Место, где находился Aspangbahnhof. С 1939 по 1942 год здесь осуществлялась депортация евреев. Вокзал находился в центре города, поэтому регулярная еженедельная депортация около тысячи евреев одновременно не осталась незамеченной и приветствовалась населением.

В 1977 году здание вокзала было разрушено. Территория долго оставалась просто пустырем, и только в начале 2000-х она была объявлена зоной городской застройки для квартир, офисов и зеленых насаждений под названием «Еврогейт». Сегодня о мрачной истории этого места напоминают не только вывеска «Место жертв депортации» и памятный камень, но мемориал, открытый осенью 2017 года: символические рельсы уходят в печь крематория.

Среди переживших Холокост оказался и Вальтер Фантл.  Всю семью Вальтера сначала отправили в концентрационный лагерь Терезиенштадт, а в 1944 году Вальтер и его отец были переведены в Освенцим. Отца сразу отправили в газовую камеру, а Вальтер смог пережить ужасы лагеря, пройти Марш Смерти и дождаться освобождения. Он считал, что в этом ему помог кожаный ремень, ставший для него талисманом. Вальтер был уверен, что пока ремень у него, с ним ничего не случится.

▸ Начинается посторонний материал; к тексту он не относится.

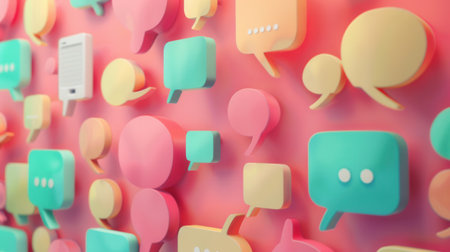 A pink wall background with various colorful speech bubbles and phone icons representing social media ads and announcements. Perfect for marketing and advertising agencies.の素材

Ему не раз предлагали обменять ремень на хлеб или что-то, что очень ценилось в жутких условиях концлагеря, но Вальтер отказывался от любых предложений. Он сберёг ремень, по которому мы можем увидеть, как менялся внешний облик его владельца: последние дырочки Вальтер пробил на ремне, когда весил 37 килограмм. Вальтер Фантл был не только выжившим свидетелем Холокоста, но и одним из немногих, кто после освобождения вернулся в Австрию. Его никто не ждал. У него ничего не было, и никто ему ничего не вернул. Послевоенное австрийское общество изо всех сил старалось изобразить из себя жертву, хотя выходцы из Австрии составляли непропорционально большую долю нацистского репрессивного аппарата Третьего рейха – 14% персонала СС и 40% в лагерях смерти. При этом доля австрийцев в общем населении «Великой Германии» была всего 8%. Президент Австрии Александр Ван дер Беллен, выступая на церемонии по случаю 80-летия аншлюса, сказал, что «австрийцы были не только жертвами, но и исполнителями преступлений, зачастую на руководящих позициях».  Свыше 1,2 млн. австрийцев (солдаты и офицеры) воевали на стороне гитлеровского рейха. Среди самих австрийцев расхожи два таких черновато-ироничных анекдота:

– Знаешь, Австрия – это такая страна, которая убедила весь мир, что Бетховен был австриец, а Гитлер – немец.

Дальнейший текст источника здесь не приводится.